‘The View’ Cohosts React to Trump Administration’s Strike Plan Texting Scandal (VIDEO)

Whoopi Goldberg has often said that she is an actress first, despite her day job as moderator and cohost of The View, and on Tuesday’s (March 25) show, she reminded audiences of that fact in a different way than usual.
While introducing the first “Hot Topic” of the day, which was of course the jaw-dropping national security blunder involving several top-tier members of Donald Trump‘s administration, she channeled a Valley girl persona to mock the debacle. First, she reviewed footage of coverage of the situation — in which, essentially, Jeffrey Goldberg (who Whoopi joked was her “cousin”), the editor in chief of The Atlantic, was accidentally included in a Signal text chain where the secretary of Defense and other high echelon officials discussed international attack plans in Yemen in real time.

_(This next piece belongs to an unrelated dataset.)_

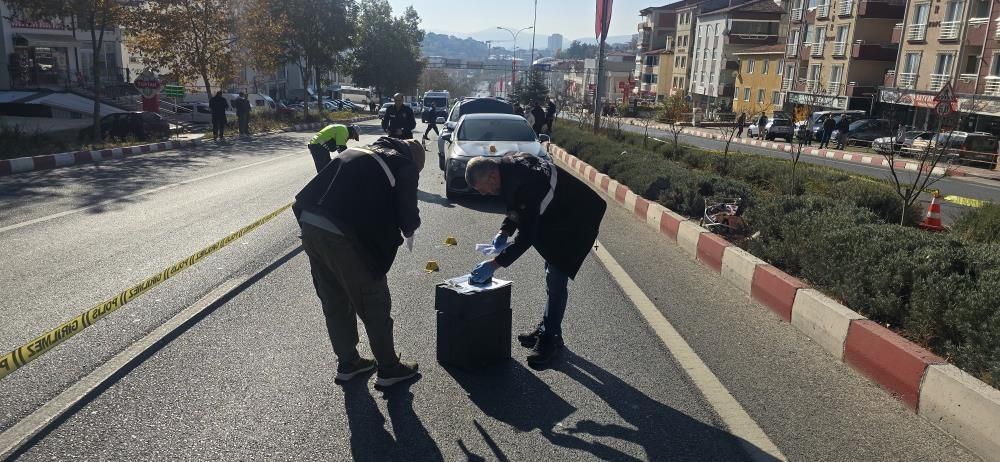 Bilecik'te otomobilin çarptığı yaşlı kadın bir yana, elindeki çantası bir yana savrulurken, kadın hayatını kaybetti - Sayfa 5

Then, she rolled clips of the Republicans’ attempts to spin and defend the muck-up and compared the comments to the hard-nosed stances the same people involved took against Hillary Clinton in 2016 over her emails.
In response to a comment by current DNI head Tulsi Gabbard that national security leaks were criminal and would be treated as such, Goldberg said in full vintage California beach teen tone, “So the question is, is she going to live up to this promise? What should happen here? Should we be saying, ‘Lock them up?'”
TRUMP ADMINISTRATION ACCIDENTALLY TEXTS MILITARY PLANS: After top White House officials accidentally added a journalist from ‘The Atlantic’ on a group text chain to discuss secret war plans in Yemen, #TheView co-hosts weigh in. pic.twitter.com/m3WBltj8yS
— The View (@TheView) March 25, 2025
Sunny Hostin then kicked off the substantive responses from the panel and argued why the people involved ran afoul of several laws with their actions, despite Trump’s team saying, essentially, “Nothing to see here.” She also praised Jeffrey Goldberg for his handling of the unexpected situation involving sensitive details about a strike, saying, “Just two hours after Goldberg received the details of the attack on March 15, the U.S. began launching a series of air drops against targets… So to all saying, ‘Is this accurate?’ The reporter has the receipts, and the reporter, although having the receipts, didn’t even write the details down in The Atlantic, which means he handled the national security information more appropriately than the people that are tasked with protecting this information.”
Alyssa Farah Griffin also thought credit was due to the reporter involved, saying, “Credit to Goldberg for not responding with a face palm emoji. That was the first thing I was thinking. He didn’t think it was real. He thought it was disinformation or something to trick him.” She went on to speak from her own experience working in the Pentagon about how conversations like the one he was inadvertently privy to are actually supposed to go. She then offered advice, saying, “If you are going to start a text chain with national security secrets, don’t name it what you’re doing. They called it the ‘Houthis PC Small Group.’ That’d be like if they put on Obama’s calendar, like, ‘Osama Bin Laden raid at 12 o’clock.'”
Sara Haines predicted there would be no consequences for anyone involved, despite the severity of the matter, saying, “Do I think anything will happen? I don’t. Because we have watched the way Donald Trump handles classified information for years. He was indicted on charges in 2017 he disclosed classified information to Russian government representatives. He’s kicked translators out of rooms. In 2019, he tweeted classified satellite imagery of an Iranian site revealing highly sensitive information… He hasn’t cared. And I think some of that comes from a lot of people that understand the consequences of this have served in the military, which is why this is really rich, because about four of these people were military. They were public servants…. He’s never dealt with consequences, so he doesn’t understand that this stuff can put not only our lives at danger, but our national security. And for an administration that rode on the message of national intelligence, it is also rich that we are watching this play out, and I don’t think anything’s going to happen.”
Goldberg closed out the conversation with a message to the people who are lying about and trying to cover up the mishap: “Stop saying it didn’t happen because we’re not dumb.” With that, it’s clear why she used the Valley girl accent to ironically address the matter in the first place.